On December 10, 1948, the United Nations General Assembly unanimously - less eight abstentions - adopted the Universal Declaration of Human Rights. Today, that document is the keystone of nine international treaties. In spite of its normative character, it’s not certain that if the world’s governments had to vote on it again, they would be ready to take the same step on behalf of human dignity.

The UN, for which human rights are one of its three mainstays, has clearly grasped the danger. This Monday, it is launching a vast, year-long operation to sensitize people to the rights contained in the Universal Declaration. We have never before seen the UN system mobilized to this degree for any cause. But there is an emergency. The universality of human rights has rarely been as beaten down in the name of dubious cultural and religious relativism. American citizens are being deprived of their fundamental rights in the name of a vital struggle against terrorism. An Iranian addict was executed in the name of Islam.

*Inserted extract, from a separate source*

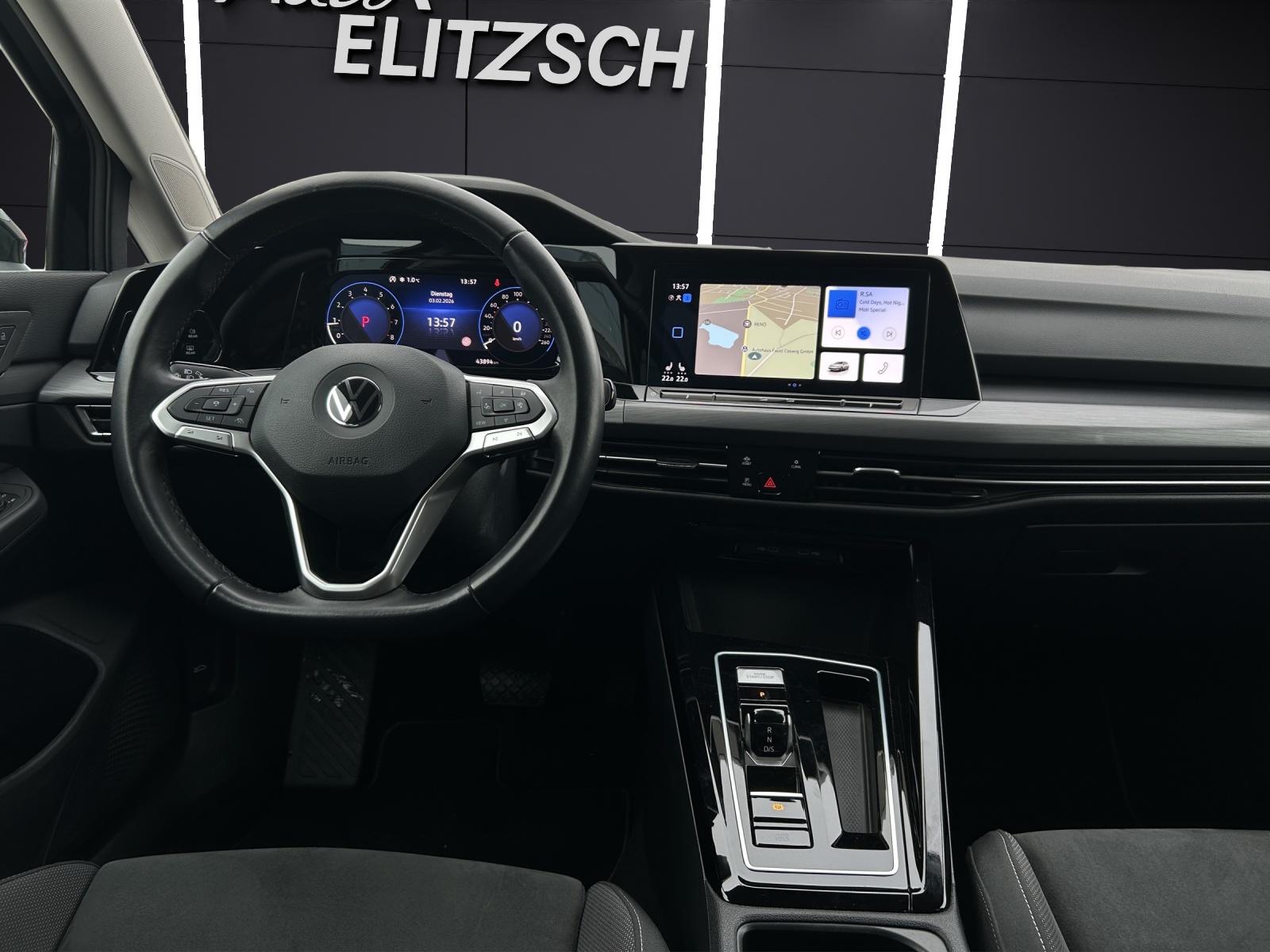 Fahrzeugabbildung Volkswagen Golf VIII Variant TSI Style DSG 4M Matrix Navi AID ACC Park-Assist SH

The real problem with human rights is that they never got past the Cold War. The high commissioner for human rights, Louise Arbour, agrees. The countries of the North swear by the great civil liberties only, while those of the South favor economic and social rights. This antagonistic perception is devastating for the cause. It underlies the serious tensions between the Human Rights Council in Geneva and UN headquarters in New York. It also undermines, whatever people may say, the effectiveness of that Council, still divided into regional blocs. Consequently, the reanimation of the Universal Declaration comes at the right time. So that, as Eleanor Roosevelt declared in 1948, the document may become the “Magna Carta for all humanity.”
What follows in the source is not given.